§ DATA EXTRACT
┄┄┄┄┄┄┄┄┄┄
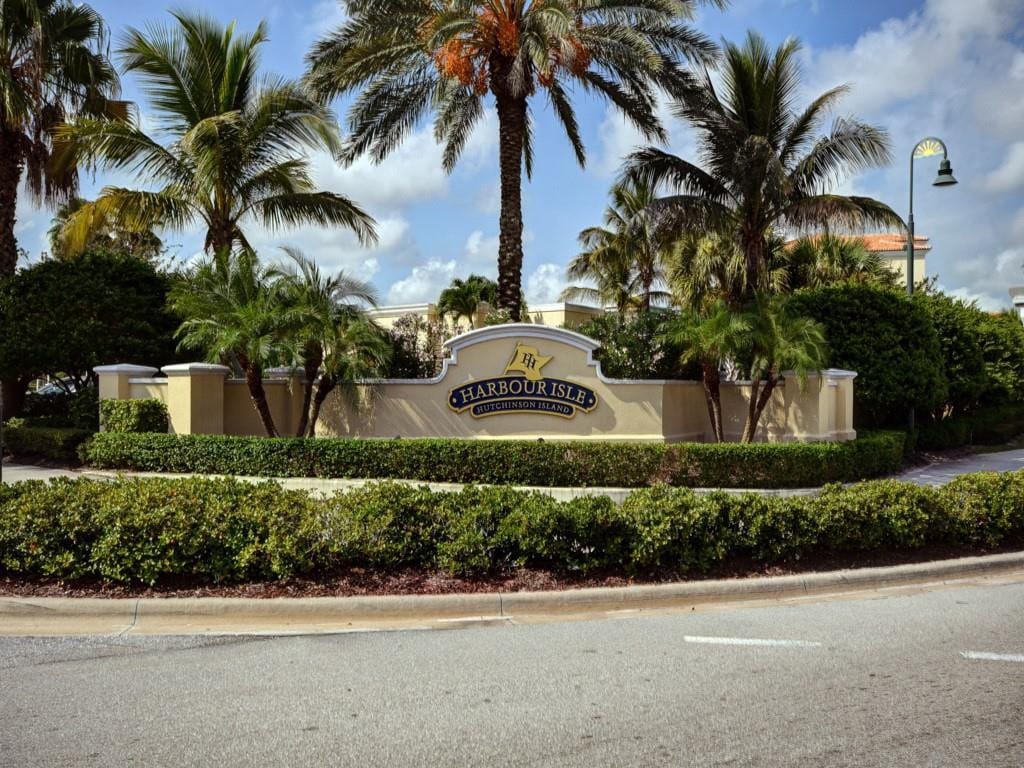 19 Harbour Isle Drive 106, Hutchinson Island, FL 34949 photo 29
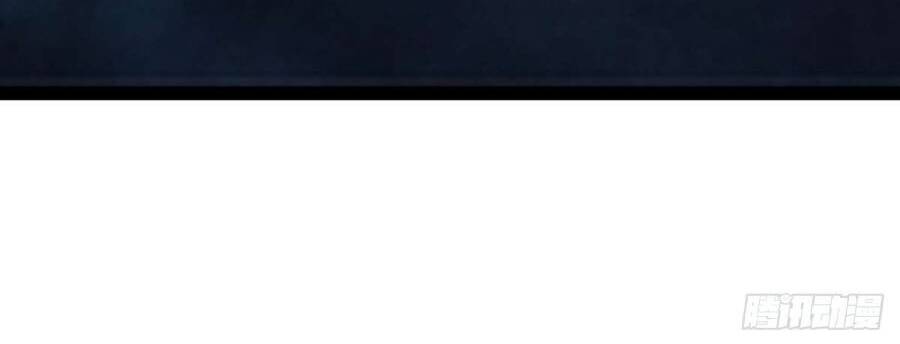 Ta Bắt Đầu Thành Thần Tại Tận Thế: Chapter 38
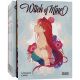 Witch Of Mine Vol 1-4 Box Set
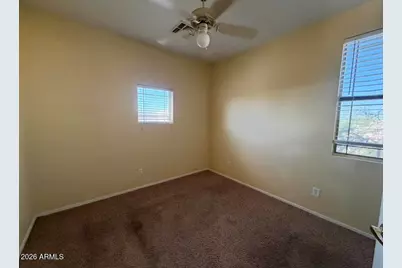 4170 E Hallihan Drive, Cave Creek, AZ 85331 - Photo 10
┄┄┄┄┄┄┄┄┄┄
§ EXERCISE GOAL
The answer should contain every line of the material exactly as written and no pictures.

§ EXPECTED OUTPUT
 19 Harbour Isle Drive 106, Hutchinson Island, FL 34949 photo 29
 Ta Bắt Đầu Thành Thần Tại Tận Thế: Chapter 38
 Witch Of Mine Vol 1-4 Box Set
 4170 E Hallihan Drive, Cave Creek, AZ 85331 - Photo 10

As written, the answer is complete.